Transcribe the full listing exactly, and drop every picture.

Data excerpt section start

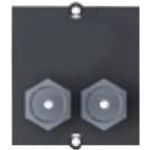 Bachmann Custom module (917.117)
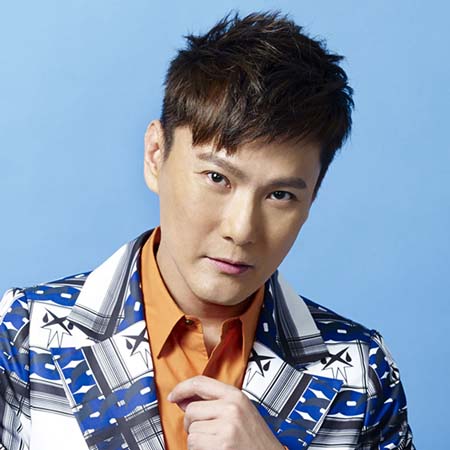 中国十大歌手排名！王菲仅排第九，鹿晗等小鲜肉无一上榜！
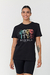 Remera Balace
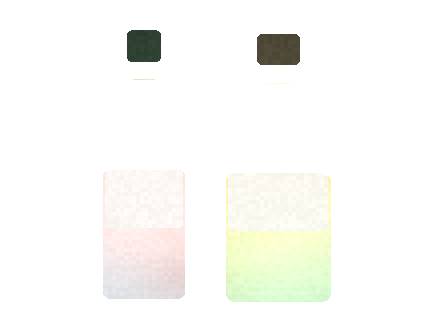 Esco Bars Fruitia Mini: Model Comparison for Distributors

Data excerpt section end

◆ **Exercise result**:
 Bachmann Custom module (917.117)
 中国十大歌手排名！王菲仅排第九，鹿晗等小鲜肉无一上榜！
 Remera Balace
 Esco Bars Fruitia Mini: Model Comparison for Distributors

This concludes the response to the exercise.